RECORDS PROVIDED: Begin

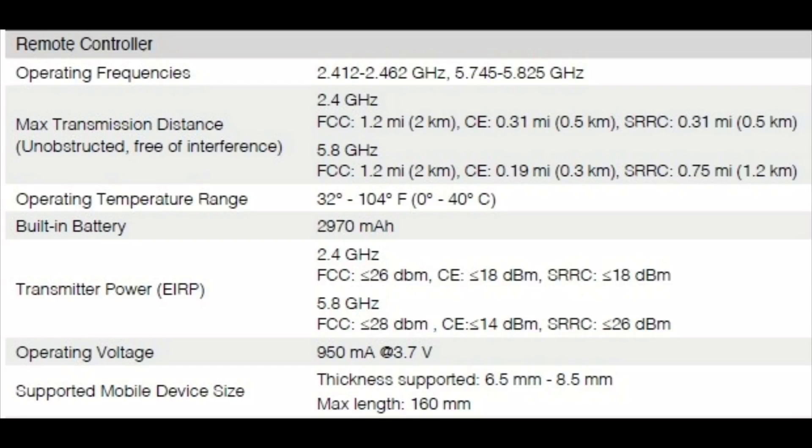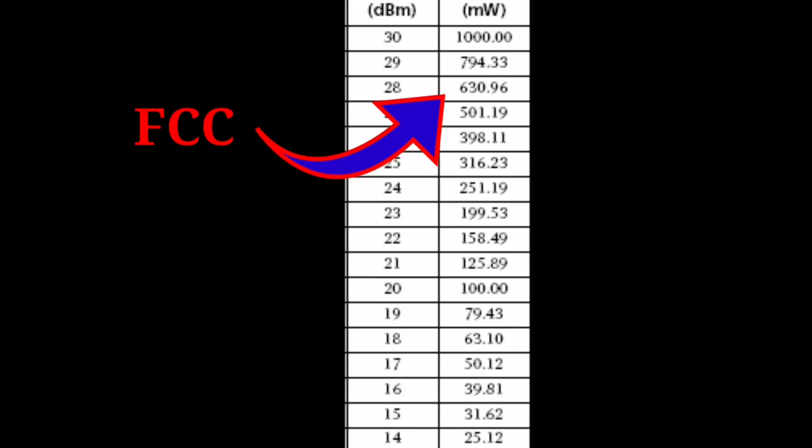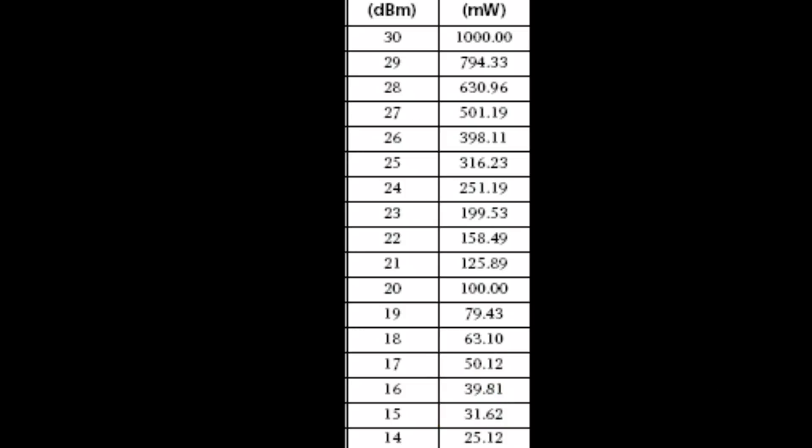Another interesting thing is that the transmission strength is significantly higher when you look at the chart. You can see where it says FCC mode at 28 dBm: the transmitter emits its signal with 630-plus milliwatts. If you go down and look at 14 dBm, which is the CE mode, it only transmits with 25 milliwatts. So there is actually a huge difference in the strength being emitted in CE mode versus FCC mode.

RECORDS PROVIDED: End
RECORDS PROVIDED: Begin

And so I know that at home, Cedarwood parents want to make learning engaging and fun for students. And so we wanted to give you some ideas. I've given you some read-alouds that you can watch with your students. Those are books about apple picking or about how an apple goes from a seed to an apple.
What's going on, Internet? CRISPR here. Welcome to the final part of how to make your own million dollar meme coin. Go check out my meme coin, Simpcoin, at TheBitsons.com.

RECORDS PROVIDED: End

EXERCISE -> Could you restate word for word the lines above from the one containing "And so I know" through the one containing "What's going on, Internet?", both included, and nothing else?

REPLY ->
And so I know that at home, Cedarwood parents want to make learning engaging and fun for students. And so we wanted to give you some ideas. I've given you some read-alouds that you can watch with your students. Those are books about apple picking or about how an apple goes from a seed to an apple.
What's going on, Internet? CRISPR here. Welcome to the final part of how to make your own million dollar meme coin. Go check out my meme coin, Simpcoin, at TheBitsons.com.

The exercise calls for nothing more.